We can not say that Pack Monadnock "was formed" in any particular way. It is being formed even now. It has no "final" shape. It has a shape defined by the process as it has progressed thus far, but it will not keep that shape.

Of course, any geologist would tell you that there's nothing new about this. Science knows that the processes that formed the earth continue to this day and will continue to an indefinite future. But that evades the point that I'm trying to convey. The language we use to describe the natural world defines how we can see it and limits how we can think about it. I am inviting you to see the natural world, not as a collection of finished, static things, but as the intricate interactions among many intersecting and overlapping processes. See and know that the forces that brought Pack Monadnock to its present shape are at work even as you watch. And when you see the effects of those forces over the course of time, do not think of them as changes that happen to the mountain, but as the continuation of the process that is the mountain.

Much of the present shape of Pack Monadnock came about when the process of Pack Monadnock intersected with a process we call the Laurentide Ice Sheet. The ice sheet crawled in from Canada, ground its way up Pack Monadnock's northwestern flank, spilled over the southeastern flank, and crawled on to the Atlantic Ocean. Boulders, cobbles, pebbles, and sand that the ice sheet had carried from the Canadian Shield scoured the upstream side of Pack Monadnock, adding some of Pack Monadnock's own rock to the till that the glacier bore. Some of this debris was left in the sheltered pocket of Pack Monadnock's southeastern flank, but much of it was carried out to the end of the ice sheet. There, where the rate of melting balanced the rate of advance, this load of debris was slowly dumped over a span of 30,000 years in a process that we call "Cape Cod."

When the process of the Wisconsin Glaciation came to an end, and the process of the Laurentide Ice Sheet vanished, the process of Pack Monadnock resumed something like its earlier course.

Life returned to the glacier-sterilized land. Grasses, herbs, shrubs, and trees took hold of the glacial till that had accumulated in pockets like the southeast flank of Pack Monadnock, and in the low valleys. Slowly, plants created soil on the exposed bedrock and the natural living processes of New England came to be.

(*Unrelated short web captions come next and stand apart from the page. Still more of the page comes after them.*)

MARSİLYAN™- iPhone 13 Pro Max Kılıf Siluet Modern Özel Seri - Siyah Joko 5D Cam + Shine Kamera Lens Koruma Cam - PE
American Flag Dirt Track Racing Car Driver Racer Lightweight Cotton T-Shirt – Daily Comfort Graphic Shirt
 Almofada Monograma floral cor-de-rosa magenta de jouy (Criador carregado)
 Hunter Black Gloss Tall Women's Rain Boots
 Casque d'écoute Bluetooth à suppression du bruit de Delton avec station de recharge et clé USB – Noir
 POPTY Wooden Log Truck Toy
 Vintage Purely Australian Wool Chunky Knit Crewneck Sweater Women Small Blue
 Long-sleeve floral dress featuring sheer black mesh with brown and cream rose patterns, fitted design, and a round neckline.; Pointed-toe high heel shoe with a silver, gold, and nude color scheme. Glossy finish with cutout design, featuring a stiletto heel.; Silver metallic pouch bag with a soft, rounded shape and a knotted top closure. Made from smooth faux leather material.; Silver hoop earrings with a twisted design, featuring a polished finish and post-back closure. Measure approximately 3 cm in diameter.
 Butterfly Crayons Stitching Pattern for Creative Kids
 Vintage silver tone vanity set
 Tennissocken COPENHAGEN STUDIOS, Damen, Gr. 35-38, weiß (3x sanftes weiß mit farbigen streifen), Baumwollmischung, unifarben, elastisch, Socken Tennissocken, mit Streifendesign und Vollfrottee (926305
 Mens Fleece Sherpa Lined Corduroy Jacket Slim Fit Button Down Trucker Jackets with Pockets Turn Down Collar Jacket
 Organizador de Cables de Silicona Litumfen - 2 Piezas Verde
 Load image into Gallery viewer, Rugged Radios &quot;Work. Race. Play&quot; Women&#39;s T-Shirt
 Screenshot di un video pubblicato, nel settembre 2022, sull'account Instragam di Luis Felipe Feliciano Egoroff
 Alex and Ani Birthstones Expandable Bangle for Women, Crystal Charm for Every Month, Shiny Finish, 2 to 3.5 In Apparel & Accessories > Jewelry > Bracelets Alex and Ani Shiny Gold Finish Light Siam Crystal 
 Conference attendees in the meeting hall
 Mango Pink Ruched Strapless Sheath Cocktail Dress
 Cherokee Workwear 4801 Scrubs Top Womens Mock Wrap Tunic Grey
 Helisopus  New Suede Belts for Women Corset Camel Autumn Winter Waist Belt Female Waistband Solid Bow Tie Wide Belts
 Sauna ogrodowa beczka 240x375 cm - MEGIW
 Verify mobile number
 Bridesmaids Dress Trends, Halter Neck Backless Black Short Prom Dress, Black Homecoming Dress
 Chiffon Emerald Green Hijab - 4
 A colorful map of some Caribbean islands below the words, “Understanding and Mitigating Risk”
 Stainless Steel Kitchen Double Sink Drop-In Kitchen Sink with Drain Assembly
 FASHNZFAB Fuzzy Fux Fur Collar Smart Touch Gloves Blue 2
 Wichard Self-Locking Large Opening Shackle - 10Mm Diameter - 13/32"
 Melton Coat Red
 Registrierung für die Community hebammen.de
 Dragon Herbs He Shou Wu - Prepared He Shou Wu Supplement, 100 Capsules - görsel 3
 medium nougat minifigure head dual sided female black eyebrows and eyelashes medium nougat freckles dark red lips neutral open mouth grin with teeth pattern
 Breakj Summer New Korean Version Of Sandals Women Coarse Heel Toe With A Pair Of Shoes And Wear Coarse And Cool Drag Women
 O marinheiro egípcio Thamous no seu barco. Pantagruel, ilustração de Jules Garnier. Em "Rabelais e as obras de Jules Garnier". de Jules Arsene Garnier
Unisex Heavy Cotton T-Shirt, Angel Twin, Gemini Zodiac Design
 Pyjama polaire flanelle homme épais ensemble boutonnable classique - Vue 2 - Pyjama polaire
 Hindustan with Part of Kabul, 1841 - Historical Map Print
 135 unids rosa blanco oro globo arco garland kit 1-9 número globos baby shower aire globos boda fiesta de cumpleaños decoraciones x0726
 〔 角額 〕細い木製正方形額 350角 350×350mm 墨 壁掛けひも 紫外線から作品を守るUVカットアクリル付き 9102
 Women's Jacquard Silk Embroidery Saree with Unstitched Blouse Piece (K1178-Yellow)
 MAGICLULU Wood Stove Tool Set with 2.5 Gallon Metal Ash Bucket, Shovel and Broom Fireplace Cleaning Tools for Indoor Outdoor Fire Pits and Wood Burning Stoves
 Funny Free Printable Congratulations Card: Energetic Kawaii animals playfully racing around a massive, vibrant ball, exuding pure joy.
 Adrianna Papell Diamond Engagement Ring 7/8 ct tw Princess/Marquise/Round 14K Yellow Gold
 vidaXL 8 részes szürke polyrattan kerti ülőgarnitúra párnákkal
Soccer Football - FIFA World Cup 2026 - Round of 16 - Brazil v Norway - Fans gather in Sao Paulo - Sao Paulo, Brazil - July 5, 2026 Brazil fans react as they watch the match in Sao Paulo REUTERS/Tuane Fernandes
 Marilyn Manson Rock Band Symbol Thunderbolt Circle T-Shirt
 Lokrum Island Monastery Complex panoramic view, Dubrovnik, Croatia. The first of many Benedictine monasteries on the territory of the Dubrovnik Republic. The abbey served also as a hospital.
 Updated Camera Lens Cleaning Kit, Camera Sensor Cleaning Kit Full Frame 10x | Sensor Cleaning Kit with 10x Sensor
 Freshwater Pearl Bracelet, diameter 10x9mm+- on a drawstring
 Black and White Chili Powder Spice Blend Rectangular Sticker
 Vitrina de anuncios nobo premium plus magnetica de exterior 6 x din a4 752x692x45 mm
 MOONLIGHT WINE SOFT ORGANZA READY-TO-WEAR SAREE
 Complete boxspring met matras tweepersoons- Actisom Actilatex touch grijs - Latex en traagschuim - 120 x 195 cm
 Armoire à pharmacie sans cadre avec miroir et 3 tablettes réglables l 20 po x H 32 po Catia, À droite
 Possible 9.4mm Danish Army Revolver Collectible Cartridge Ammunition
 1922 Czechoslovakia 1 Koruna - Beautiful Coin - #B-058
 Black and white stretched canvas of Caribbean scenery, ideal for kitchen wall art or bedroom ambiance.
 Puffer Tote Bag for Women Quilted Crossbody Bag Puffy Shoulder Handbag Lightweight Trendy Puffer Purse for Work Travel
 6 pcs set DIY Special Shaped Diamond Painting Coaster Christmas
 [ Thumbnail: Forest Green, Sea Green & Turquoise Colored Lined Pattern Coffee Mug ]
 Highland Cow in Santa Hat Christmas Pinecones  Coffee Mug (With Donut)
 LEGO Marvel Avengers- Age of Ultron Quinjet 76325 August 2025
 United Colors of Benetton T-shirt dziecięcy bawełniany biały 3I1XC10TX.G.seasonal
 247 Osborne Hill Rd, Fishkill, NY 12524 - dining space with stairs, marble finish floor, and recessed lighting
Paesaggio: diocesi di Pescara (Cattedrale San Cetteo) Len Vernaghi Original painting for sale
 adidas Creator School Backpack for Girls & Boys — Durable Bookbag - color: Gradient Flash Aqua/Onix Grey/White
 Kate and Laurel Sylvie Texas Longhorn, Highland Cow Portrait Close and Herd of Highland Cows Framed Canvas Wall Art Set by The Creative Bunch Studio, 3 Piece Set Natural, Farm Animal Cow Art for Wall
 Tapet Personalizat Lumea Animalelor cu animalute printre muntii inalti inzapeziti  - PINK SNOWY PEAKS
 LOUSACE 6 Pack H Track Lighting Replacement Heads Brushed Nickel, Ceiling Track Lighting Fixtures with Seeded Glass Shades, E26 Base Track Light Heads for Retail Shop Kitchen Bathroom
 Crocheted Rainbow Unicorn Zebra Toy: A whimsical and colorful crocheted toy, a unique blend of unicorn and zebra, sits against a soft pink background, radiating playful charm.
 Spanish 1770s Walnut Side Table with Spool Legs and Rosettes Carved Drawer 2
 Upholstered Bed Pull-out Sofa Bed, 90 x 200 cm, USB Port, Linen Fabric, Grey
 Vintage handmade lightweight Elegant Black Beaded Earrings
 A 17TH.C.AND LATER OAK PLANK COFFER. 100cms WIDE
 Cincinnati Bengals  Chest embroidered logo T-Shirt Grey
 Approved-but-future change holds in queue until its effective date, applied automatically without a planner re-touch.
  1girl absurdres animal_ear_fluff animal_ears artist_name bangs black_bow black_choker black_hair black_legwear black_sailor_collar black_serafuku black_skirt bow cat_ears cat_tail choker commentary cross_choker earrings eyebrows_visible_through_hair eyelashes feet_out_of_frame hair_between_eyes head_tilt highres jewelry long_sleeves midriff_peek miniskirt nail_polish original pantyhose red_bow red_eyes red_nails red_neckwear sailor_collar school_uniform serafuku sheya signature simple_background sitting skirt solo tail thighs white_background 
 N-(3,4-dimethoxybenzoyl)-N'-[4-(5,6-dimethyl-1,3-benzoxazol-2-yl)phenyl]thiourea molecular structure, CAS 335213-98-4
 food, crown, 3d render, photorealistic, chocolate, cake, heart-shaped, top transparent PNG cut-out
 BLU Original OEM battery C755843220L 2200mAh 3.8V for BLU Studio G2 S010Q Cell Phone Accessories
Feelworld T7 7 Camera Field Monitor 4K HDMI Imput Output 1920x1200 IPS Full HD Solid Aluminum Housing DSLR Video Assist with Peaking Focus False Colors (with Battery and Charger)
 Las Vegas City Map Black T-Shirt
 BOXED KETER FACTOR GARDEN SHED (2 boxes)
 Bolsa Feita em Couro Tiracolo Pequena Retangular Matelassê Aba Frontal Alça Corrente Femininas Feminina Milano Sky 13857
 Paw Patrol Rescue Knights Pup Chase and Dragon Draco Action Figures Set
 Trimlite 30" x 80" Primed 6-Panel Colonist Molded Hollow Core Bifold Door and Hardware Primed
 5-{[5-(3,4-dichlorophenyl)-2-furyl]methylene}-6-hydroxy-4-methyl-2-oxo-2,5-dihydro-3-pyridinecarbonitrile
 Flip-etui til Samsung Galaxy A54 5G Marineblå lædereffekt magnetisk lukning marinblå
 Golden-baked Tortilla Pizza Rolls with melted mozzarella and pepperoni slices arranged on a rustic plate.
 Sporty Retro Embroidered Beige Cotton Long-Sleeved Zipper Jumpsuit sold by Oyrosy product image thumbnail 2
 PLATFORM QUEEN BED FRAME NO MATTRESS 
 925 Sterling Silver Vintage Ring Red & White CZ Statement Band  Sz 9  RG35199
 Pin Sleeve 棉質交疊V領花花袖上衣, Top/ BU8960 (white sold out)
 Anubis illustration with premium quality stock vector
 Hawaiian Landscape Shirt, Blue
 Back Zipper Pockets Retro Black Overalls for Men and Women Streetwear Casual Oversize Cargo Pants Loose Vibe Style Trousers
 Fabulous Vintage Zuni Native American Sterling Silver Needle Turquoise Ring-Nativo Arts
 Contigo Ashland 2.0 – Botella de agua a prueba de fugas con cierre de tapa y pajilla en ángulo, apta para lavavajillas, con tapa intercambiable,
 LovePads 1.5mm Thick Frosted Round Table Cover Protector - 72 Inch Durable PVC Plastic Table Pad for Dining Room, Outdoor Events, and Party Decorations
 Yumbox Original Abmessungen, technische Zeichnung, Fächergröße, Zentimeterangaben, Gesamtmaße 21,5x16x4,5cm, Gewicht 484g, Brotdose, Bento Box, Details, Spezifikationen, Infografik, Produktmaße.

Pack Monadnock crumbled slowly, as it had for eons before the Laurentide Ice Sheet had come. Boulders and cobbles and pebbles that rolled down its southeastern slopes were absorbed into the thick glacial till. Cycles of freeze and thaw, and the processes of life within the soil churned the soil and rocks together, creating a continual supply of new soil so that the new rock sliding down the mountain had little effect on the rich ecosystem of the southeastern slopes of Pack Monadnock.

But the northwestern slope was another story. Here there was no deep deposit of glacial till. Here the slow rain of new boulders, cobbles, and pebbles eroding off the mountaintop simply piled up on the glacier-scoured bedrock.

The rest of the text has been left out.